● Work instruction
Your reply should set down word for word each line below from the one with "Quiche bez ciasta" through the final line, both included, but none of the pictures.
====== Input ======
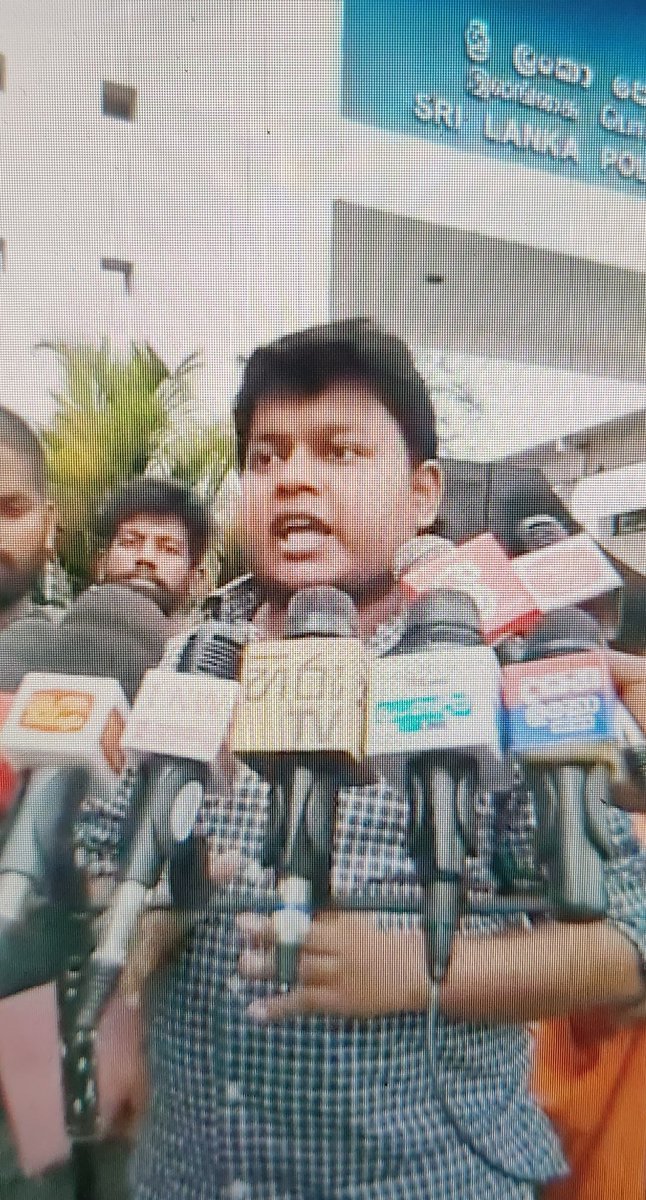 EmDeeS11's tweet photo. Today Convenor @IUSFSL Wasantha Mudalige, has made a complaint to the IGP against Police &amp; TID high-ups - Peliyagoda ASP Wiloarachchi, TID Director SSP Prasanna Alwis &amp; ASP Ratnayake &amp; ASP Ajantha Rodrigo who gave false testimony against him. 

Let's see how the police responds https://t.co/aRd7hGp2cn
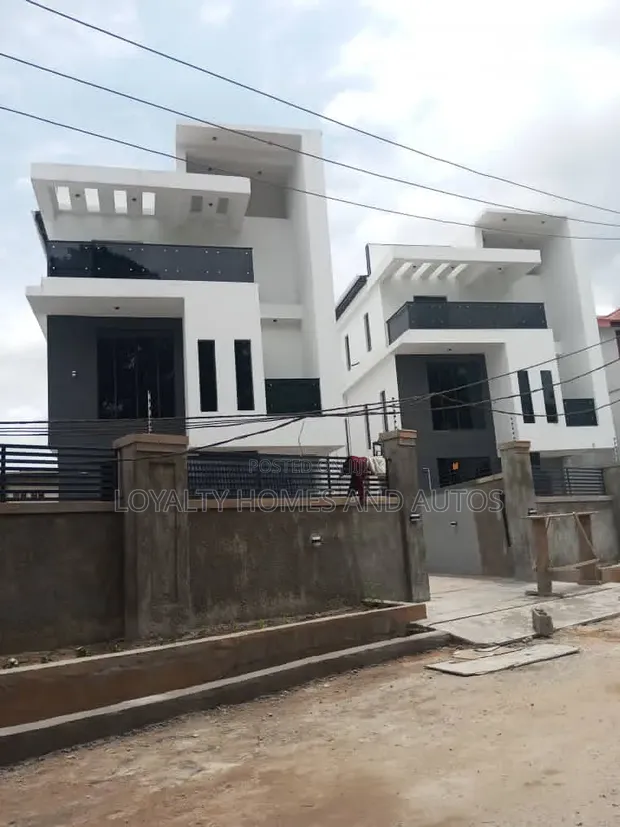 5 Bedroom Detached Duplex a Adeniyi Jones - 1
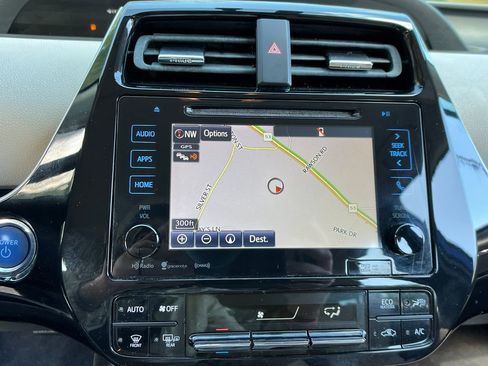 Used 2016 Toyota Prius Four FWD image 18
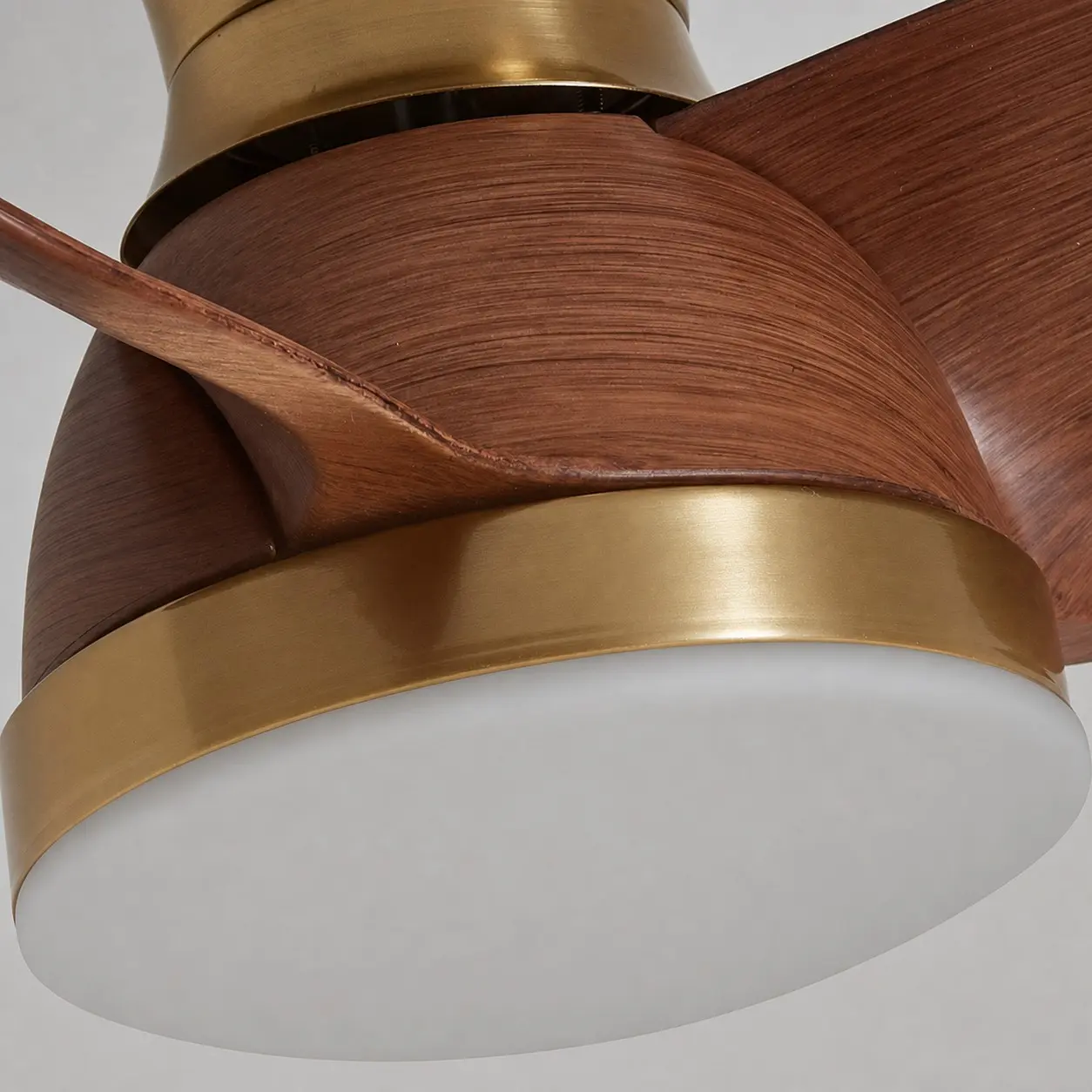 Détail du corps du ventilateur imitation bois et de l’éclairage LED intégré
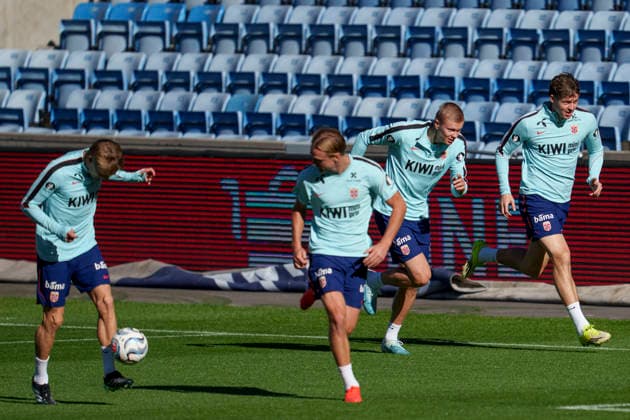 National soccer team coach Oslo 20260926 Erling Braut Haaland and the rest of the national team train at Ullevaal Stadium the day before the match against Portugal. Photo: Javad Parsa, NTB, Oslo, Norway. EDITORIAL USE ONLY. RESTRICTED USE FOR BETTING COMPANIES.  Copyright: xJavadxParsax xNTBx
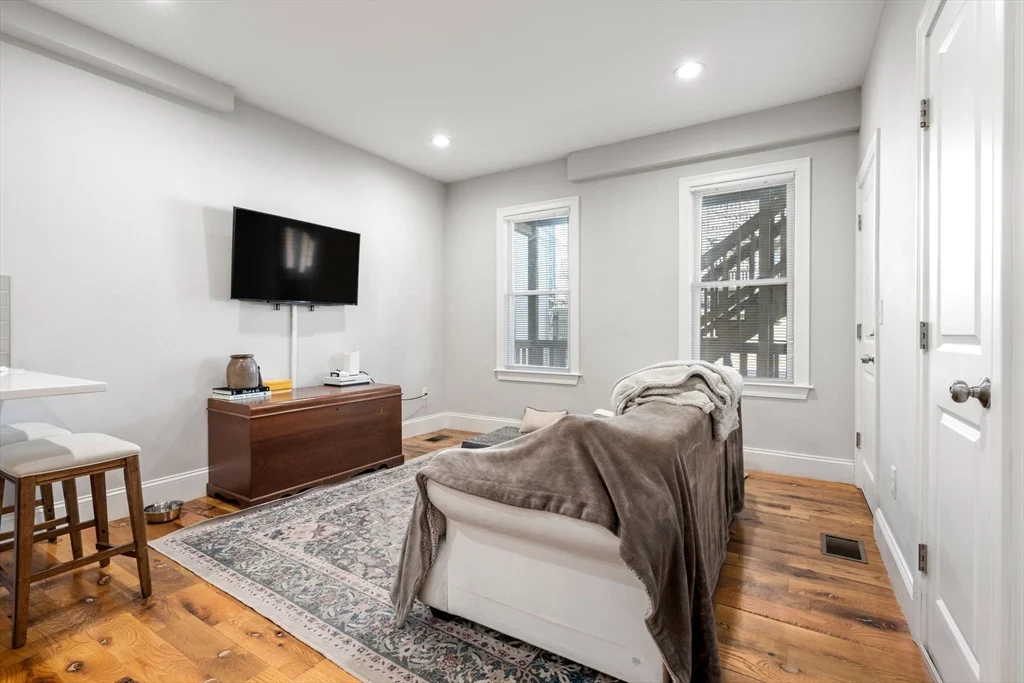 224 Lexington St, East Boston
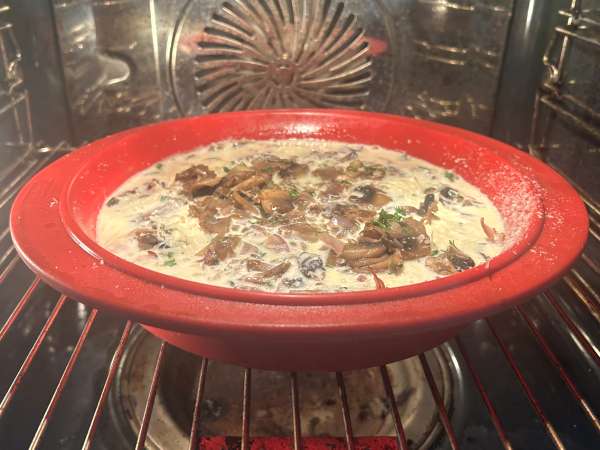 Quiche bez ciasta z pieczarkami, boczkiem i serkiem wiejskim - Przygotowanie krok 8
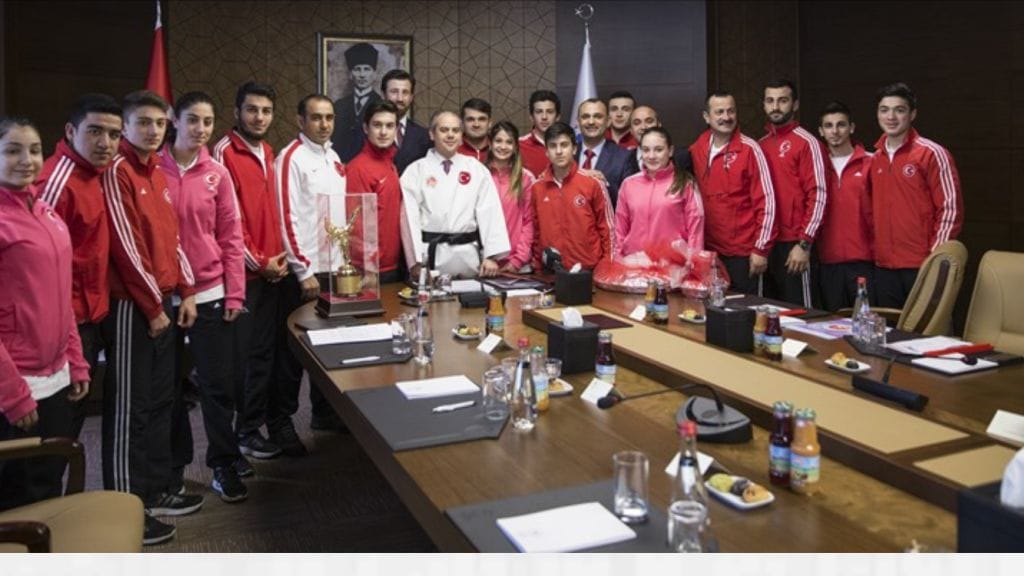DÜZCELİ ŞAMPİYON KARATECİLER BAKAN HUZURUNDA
======
● Output for this task
 Quiche bez ciasta z pieczarkami, boczkiem i serkiem wiejskim - Przygotowanie krok 8
DÜZCELİ ŞAMPİYON KARATECİLER BAKAN HUZURUNDA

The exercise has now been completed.